4. Match context_configuration to your chunking

Once parts are clean and filters are right, decide how much surrounding text to send to the agent with each result. The agent reads the result text, so this choice directly shapes what it can reason about.

The relevant fields on the search call are:

  • sentences_before / sentences_after (preferred)
  • characters_before / characters_after (fallback)
  • start_tag / end_tag to mark the matching part inside the context

A practical default for agent retrieval is 2 sentences before and 2 after with <em> markers around the match. This gives the agent enough surrounding text to disambiguate what the chunk is about without bloating the context window.

Tune from there:

  • If your parts are already long (whole sections), drop the surrounding context to 0 — duplicating it is just tokens.
  • If your parts are tight (one sentence, FAQ entries), bump sentences_before/after to 3–5 so the agent sees the surrounding question or list.
  • For code or structured content, prefer characters_before/after so you don't break on missing sentence terminators.

SENSIBLE DEFAULT CONTEXT CONFIGURATION

Code example with json syntax.
1

5. Build a reranker chain

A single reranker is rarely the right answer. The strongest setups use a chain:

  1. Neural reranker with a calibrated cutoff — does the heavy lifting on relevance.
  2. MMR — reduces redundancy so the agent doesn't see five paraphrases of the same paragraph.
  3. Optional UDF — applies business signal (recency, popularity, custom dimensions).

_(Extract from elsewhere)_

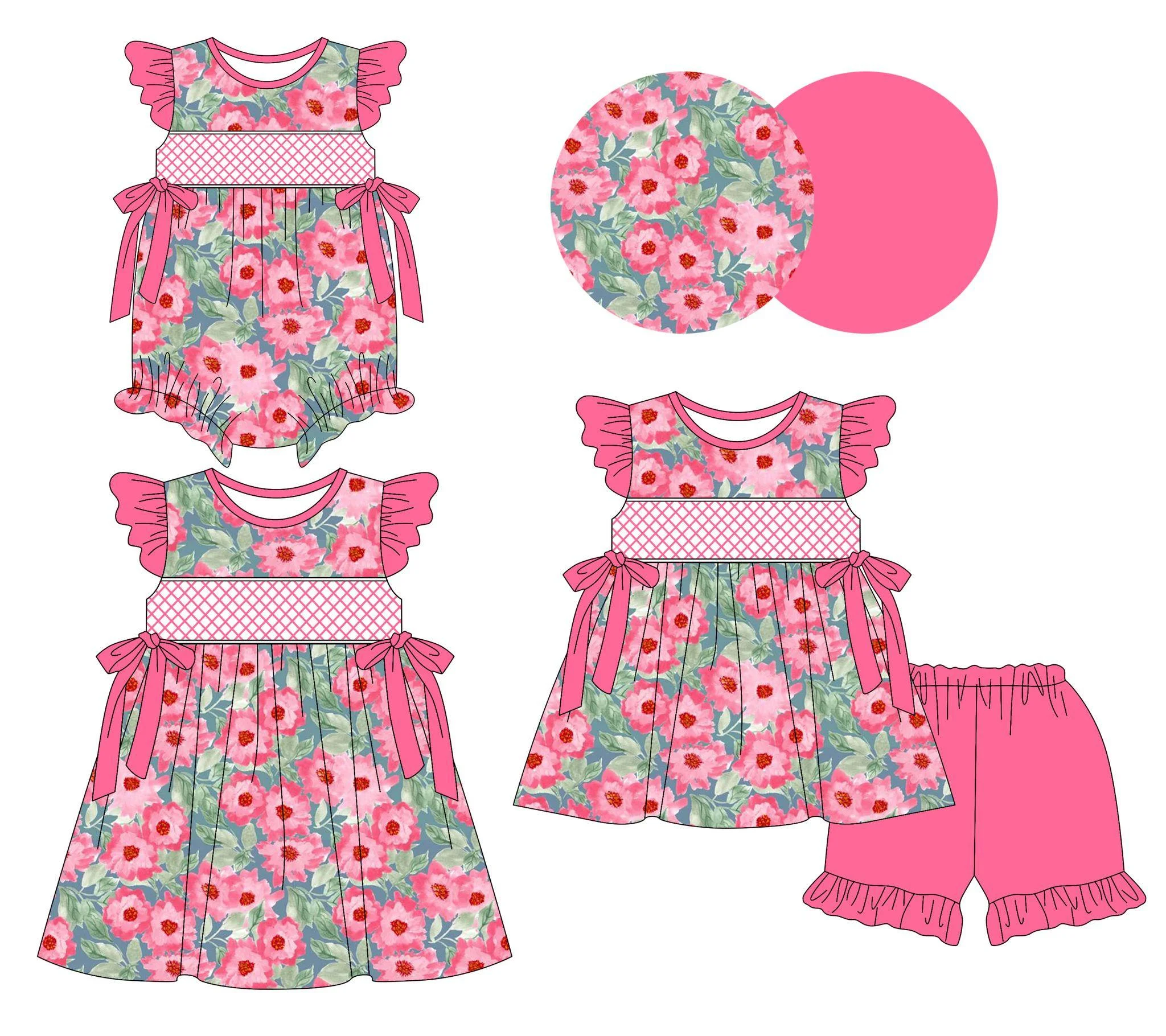 

Hot selling kids clothes girls suits fresh flower print fashion baby newborn suits matching toddler girls clothes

Step 1: Neural reranker with a cutoff

Start with the multilingual neural reranker (customer_reranker / Rerank_Multilingual_v1). Its scores are normalized to roughly 0.0–1.0, which makes a cutoff meaningful — that's not true of raw hybrid scores.

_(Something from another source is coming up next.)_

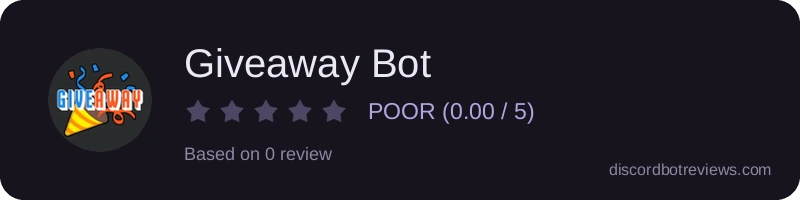 Rating widget preview for Giveaway Bot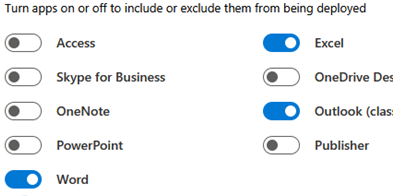 Select Microsoft Office apps to install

Start at cutoff: 0.5 — that's the value Vectara recommends as a default for the multilingual reranker. Tune from there:

  • Below 0.3: you're letting noise through.
  • Above 0.7: you'll often return zero results on real queries.

Combine cutoff with a generous limit — let the cutoff drop junk, and let the limit cap the absolute count.

If the reranker supports instructions (instruction-following rerankers do), use the instructions field to bias toward the agent's task — e.g. "prefer policy documents over marketing material".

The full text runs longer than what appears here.